#### [Task item]
Transcribe all records below exactly, without images.

::::::::

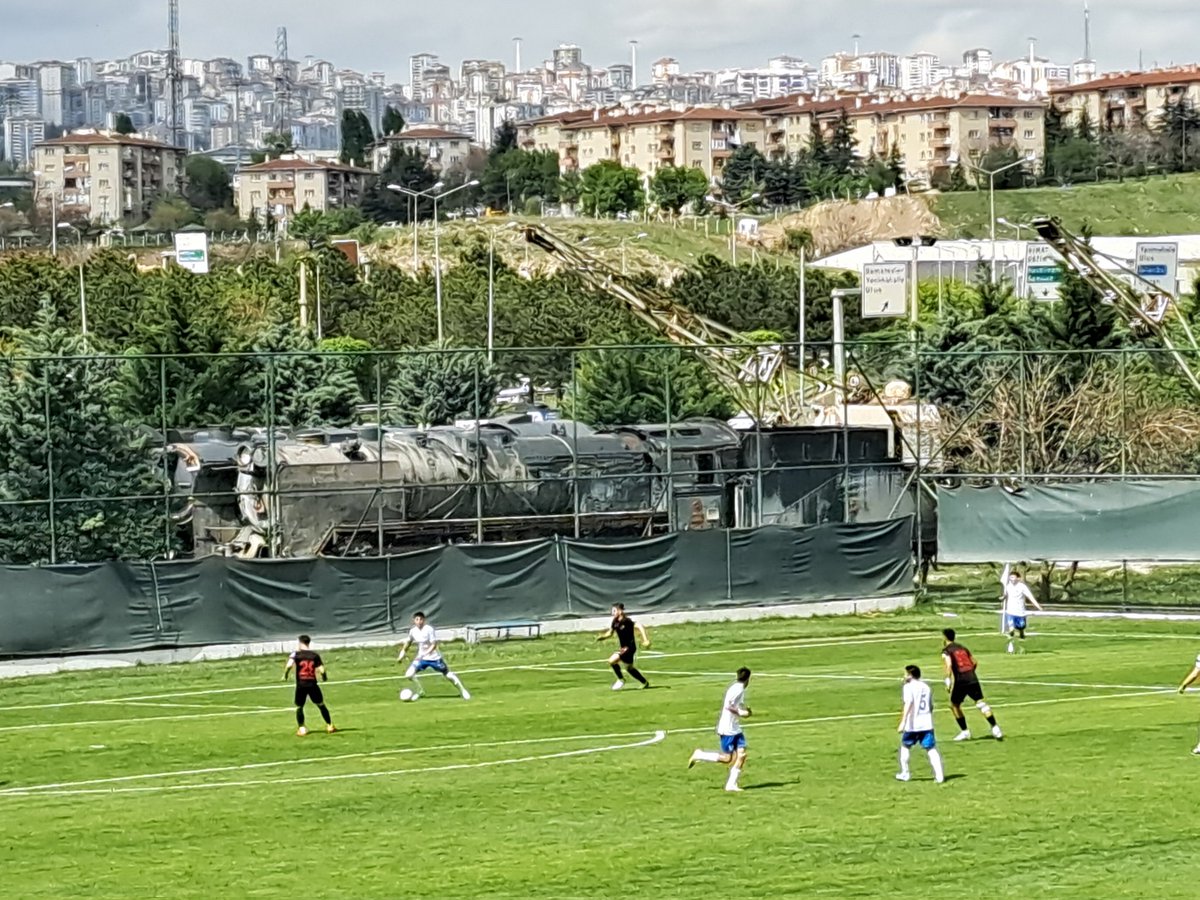 SjoerdVVV's tweet image. Ankara Demirspor is een club van de Turkse spoorwegen. 
Ze spelen dan ook op een terrein van de TCDD, naast een rangeerterrein voor afgedankte treinen. Een pretpark en trouwlocatie flankeren de andere zijdes. Vandaag versloegen ze Diyarbekirspor dat daardoor degradeerde.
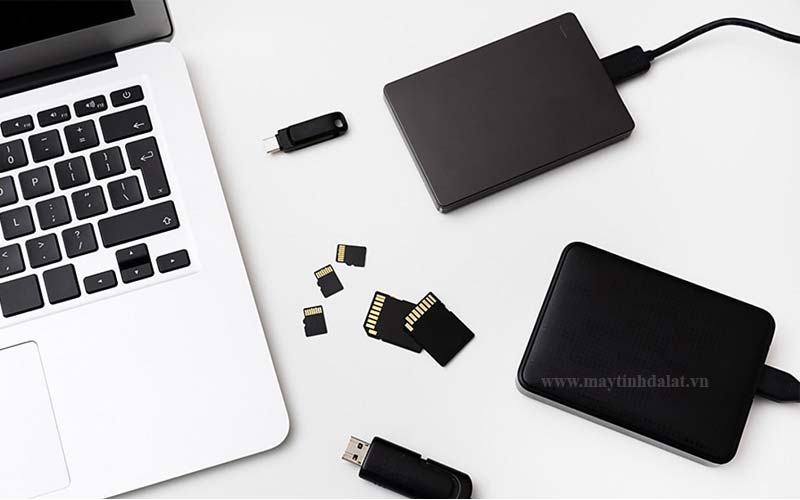 Ổ cứng SSD, HDD di động, USB và thẻ nhớ chính hãng tại Maytinhdalat.vn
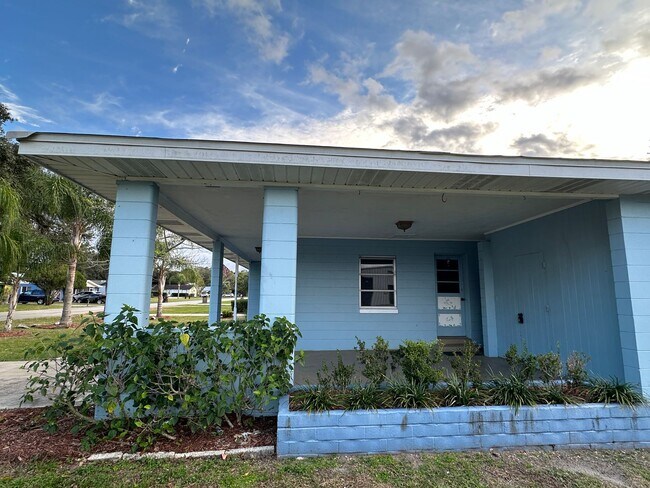 Building Photo - MOVE IN SPECIAL- Nice 2/1 Home w/ Fenced Yard in St Cloud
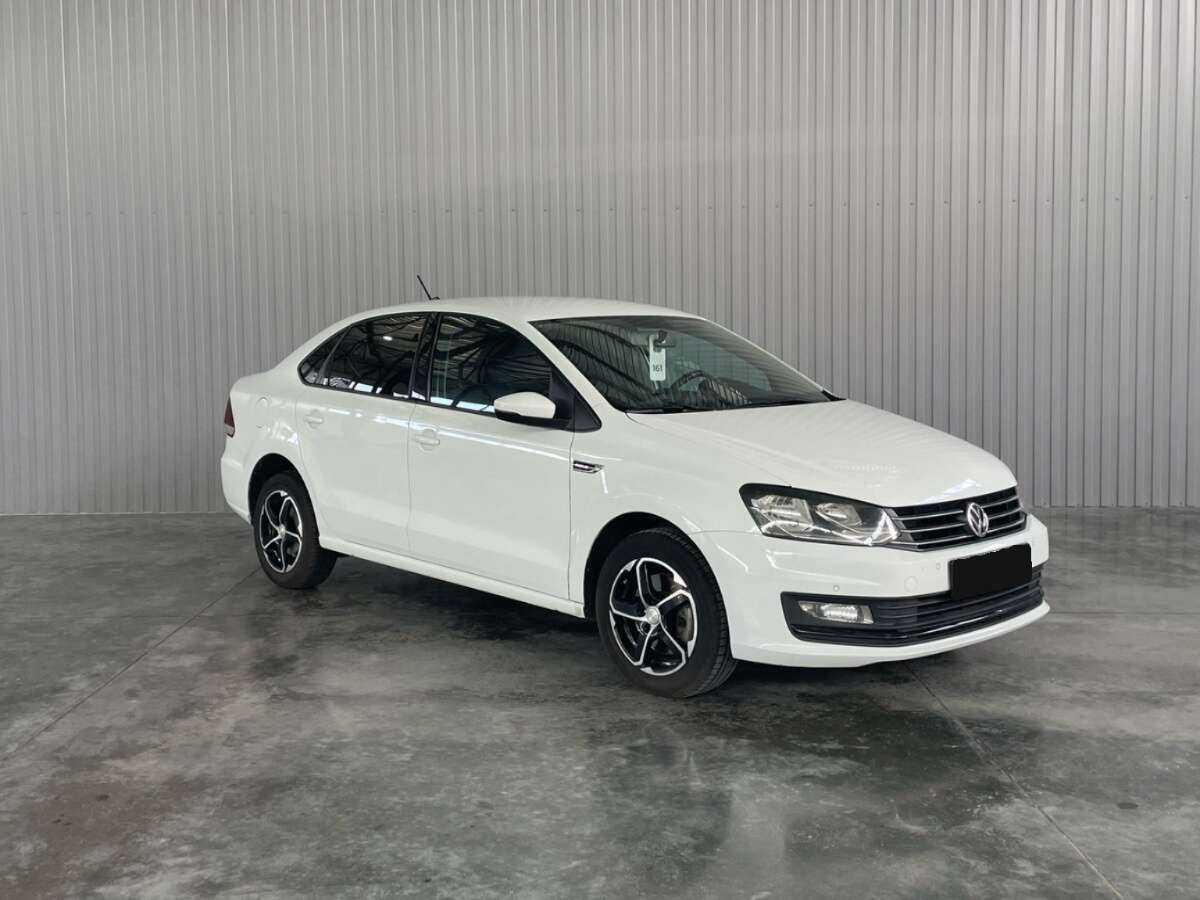 Volkswagen Polo с пробегом — 2018 год. Фото: #2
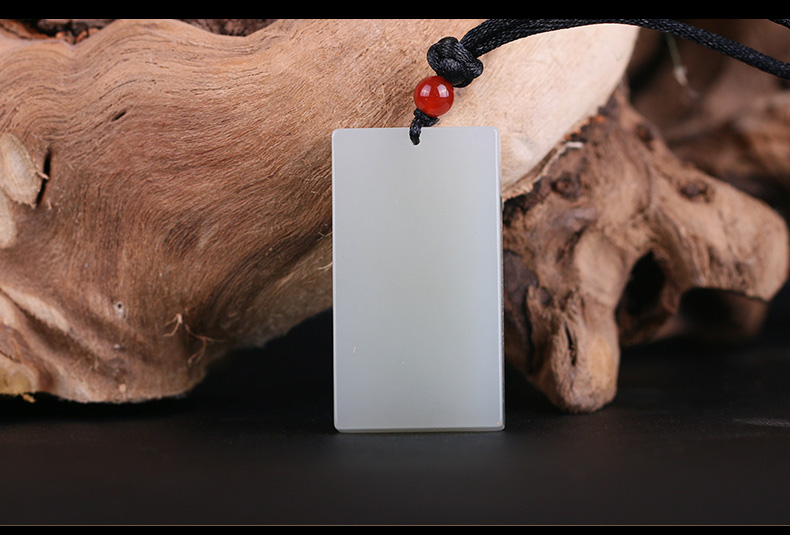 天然新疆和田玉平安无事牌吊坠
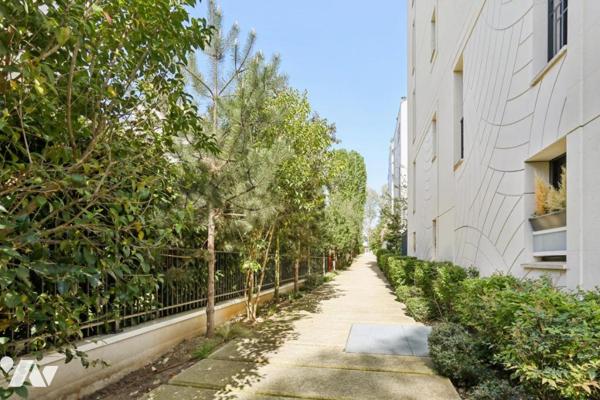 NEUILLY SUR SEINE - ILE DE LA JATTE - 5 PIECES AVEC BALCON/TERRASSE. ETAGE ELEVE.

::::::::

#### [Exercise response]
 SjoerdVVV's tweet image. Ankara Demirspor is een club van de Turkse spoorwegen. 
Ze spelen dan ook op een terrein van de TCDD, naast een rangeerterrein voor afgedankte treinen. Een pretpark en trouwlocatie flankeren de andere zijdes. Vandaag versloegen ze Diyarbekirspor dat daardoor degradeerde.
 Ổ cứng SSD, HDD di động, USB và thẻ nhớ chính hãng tại Maytinhdalat.vn
 Building Photo - MOVE IN SPECIAL- Nice 2/1 Home w/ Fenced Yard in St Cloud
 Volkswagen Polo с пробегом — 2018 год. Фото: #2
 天然新疆和田玉平安无事牌吊坠
 NEUILLY SUR SEINE - ILE DE LA JATTE - 5 PIECES AVEC BALCON/TERRASSE. ETAGE ELEVE.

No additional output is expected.